手習いを始めて、仮名文字、片仮名、漢字は少し書けるようになった。高校の時に書道部だったことは大分助けになった。先生にはよく褒められる。
父様は35歳、母様は27歳。男盛りに女盛りだ。前世の享年に近づいてきたからか、紫の上がとても魅力的に見える時がある。だからといって、父様のように寝取ろうとなんて考えていない。そうそう、寝取ろうと言えば、藤壺の女院さま。ちい姫が来てから少ししてお亡くなりになった。その後、父様はずっと悲しそうにされていて、母様を抱くこともあまりなかった。現在はすっかり立ち直って母様と毎日のようになにやら仲良くしている。

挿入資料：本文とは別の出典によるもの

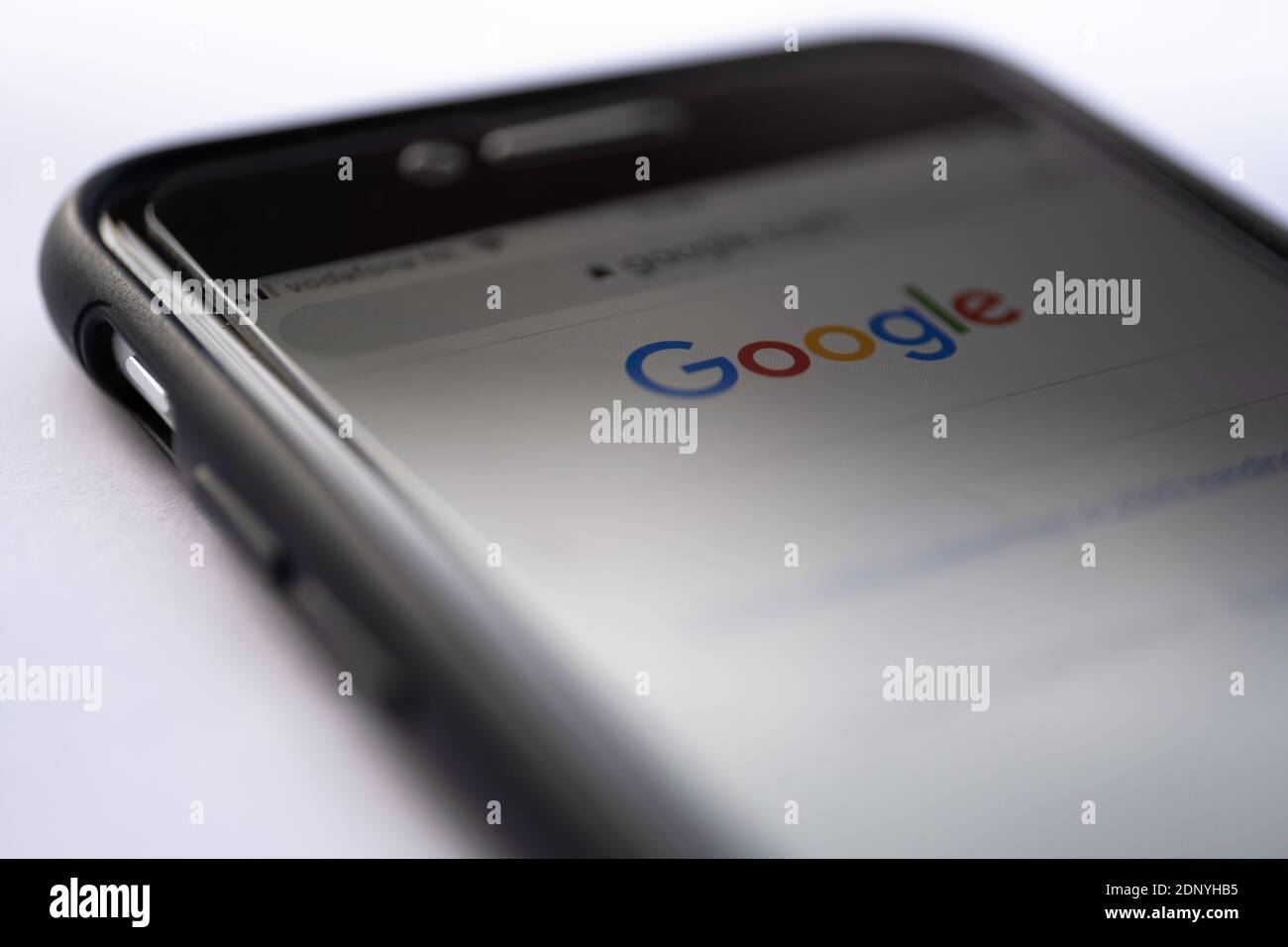 Gros plan du site Web de Google sur un téléphone cellulaire avec une faible profondeur de champ. Isolé sur blanc Banque D'Images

ここ最近の大ニュースというと、あの玉鬘だ。先日、玉鬘がこの屋敷に引き取られた。会ってはいないけど、とてつもない美人らしい。まあ源氏物語に出てくるくらいだからそうだろう。ちなみに年齢は21。裳着の式という成人式はまだだ。
「んぅー、ちづ、るー。……起きるの早いわね」
ちい姫が起きたようだ。乱れた髪とはたけた胸元が子どもながら色っぽい。だが、僕、いや、俺にとっては娘を見ているようだ。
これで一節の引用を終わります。